Élevé dans l’amour de ma patrie, je m’attendrissais tellement aux récits de ma grand’mère et de mon père que j’aurais passé les nuits à écouter leurs histoires… d’en premier. Le culte des aïeux s’établit ainsi en moi dès la plus tendre enfance. Quand ma grand’mère restait embarrassée par ma curiosité enfantine et mes trop nombreuses questions, je tourmentais mon père et lui faisais conter les mêmes événements pour la centième fois, voir s’il n’ajouterait quelques détails inédits.

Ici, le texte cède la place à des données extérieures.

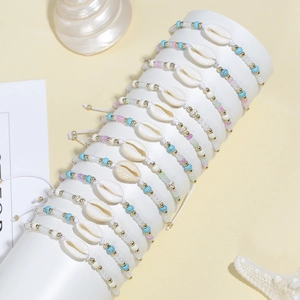 Set de pulseras tejidas ajustables con cuentas de conchas marinas para mujer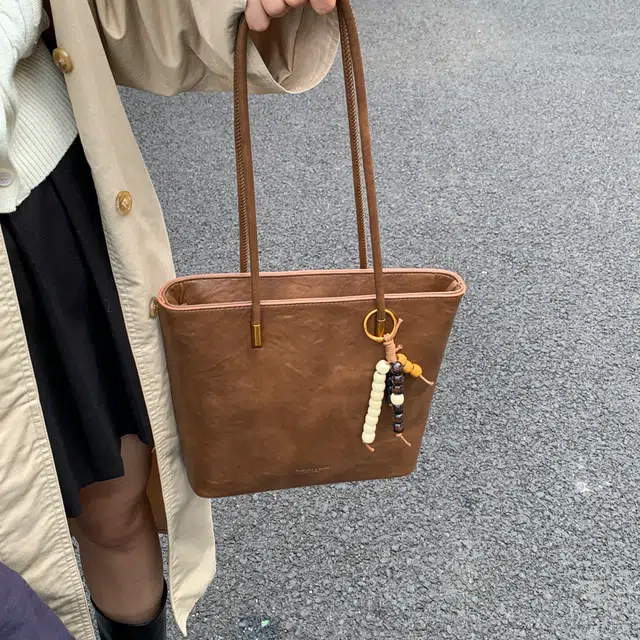 ORANGE BEAN PU Tote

Tout le passé de mes Îles défilait ainsi en un tableau sous mes yeux ébahis : les expéditions de pêche, les inquiétudes cuisantes des épouses, les espoirs des absents trop souvent déçus, la joie exubérante du retour, les sinistres naufrages, les deuils fréquents, les fêtes intimes de familles, les corvées pour fouler l’étoffe du métier puis les folichonnes veillées de jeunesse, les danses toujours honnêtes en ce temps-là, les frolics, les noces, les méthodes rudimentaires de labourage et de pâturage, les manières simples de se vêtir confortablement et économiquement, les misères de l’hivernement qui donnaient lieu à l’exercice de cette charité digne des premiers chrétiens, et que d’autres sujets ont rendu mon âme sensible et mon cœur débordant d’amour pour mes chers compatriotes-insulaires.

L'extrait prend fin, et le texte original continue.